A scuola dovrebbero tornarci anche i genitori?

La rubrica dello psicologo, a cura di Cesare Ammendola

Il primo giorno di scuola è il primo passo di una matita nel foglio bianco di un capolavoro. Nella più retorica delle ipotesi.

In tantissimi, dai cinque ai tredici anni (facciamo pure diciotto), scelgono i loro colori, i pennelli, i sogni per dipingere nei prossimi nove mesi la loro personalissima Cappella Sistina.

Spero che i docenti siano ispiratori dell’inclusione, del confronto, dell’unicità. Dell’originalità. Della curiosità. Della creatività.

A scuola non si va per apprendere nozioni, ma per creare strutture e pensieri e opportunità e sperimentare l’estetica delle relazioni. Si impara a coltivare ideali, ricercare la bellezza, a dipingere grandi sogni.

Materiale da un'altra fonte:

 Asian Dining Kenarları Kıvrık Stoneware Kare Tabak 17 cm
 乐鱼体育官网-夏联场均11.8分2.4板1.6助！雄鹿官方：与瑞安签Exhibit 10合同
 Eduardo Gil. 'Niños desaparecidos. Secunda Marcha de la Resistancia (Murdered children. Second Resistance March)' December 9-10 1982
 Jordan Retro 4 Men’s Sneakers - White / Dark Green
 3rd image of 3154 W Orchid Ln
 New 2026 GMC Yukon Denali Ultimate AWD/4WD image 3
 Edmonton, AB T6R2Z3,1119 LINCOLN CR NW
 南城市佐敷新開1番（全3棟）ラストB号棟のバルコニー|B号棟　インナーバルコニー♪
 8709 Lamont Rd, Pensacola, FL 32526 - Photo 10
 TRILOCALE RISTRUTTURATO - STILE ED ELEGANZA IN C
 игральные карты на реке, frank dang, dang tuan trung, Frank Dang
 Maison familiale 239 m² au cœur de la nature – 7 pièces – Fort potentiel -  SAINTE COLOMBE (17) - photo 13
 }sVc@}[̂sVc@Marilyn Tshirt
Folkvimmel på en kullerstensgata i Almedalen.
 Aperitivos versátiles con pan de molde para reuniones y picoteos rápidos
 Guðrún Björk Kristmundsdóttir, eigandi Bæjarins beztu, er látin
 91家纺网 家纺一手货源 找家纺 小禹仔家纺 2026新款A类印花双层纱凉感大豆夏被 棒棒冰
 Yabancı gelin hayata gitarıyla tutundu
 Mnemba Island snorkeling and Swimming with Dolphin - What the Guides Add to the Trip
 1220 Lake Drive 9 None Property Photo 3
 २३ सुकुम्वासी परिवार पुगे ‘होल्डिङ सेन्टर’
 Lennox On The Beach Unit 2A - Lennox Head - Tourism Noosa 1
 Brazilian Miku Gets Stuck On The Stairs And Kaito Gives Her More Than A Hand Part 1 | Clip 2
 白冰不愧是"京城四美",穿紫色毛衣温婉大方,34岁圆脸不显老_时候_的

Dobbiamo vedere nella scuola innanzitutto e prima di tutto la Casa della Felicità dei bambini e dei ragazzi. Una Casa che è il Mondo che solo loro potranno salvare.

Io la vedo così. Il primo giorno di scuola non è l’inizio di un duro percorso attraverso il quale i bambini diventano adulti.

Al contrario. È il primo passo di un viaggio nel quale i bambini sostituiranno finalmente gli adulti. Curando il mondo che i grandi stanno lasciando loro.

E a voi, mi permetto di dare un consiglio, perché, non ci crederete, anch’io sono stato un alunno (con gli occhiali e l’apparecchio ai denti e il diario del mio supereroe preferito).

Se non sarete bravissimi sin dall’inizio, poco importa. Questo mondo così brutto è stato disegnato da tanti veramente bravissimi. 

Siate invece creativi, originali, curiosi, sensibili, responsabili il giusto (non è difficile esserlo più degli adulti). Siate aperti, idealisti e poeti. E non dimenticate un solo giorno di essere felici. Gli adulti non sempre ve lo ricorderanno.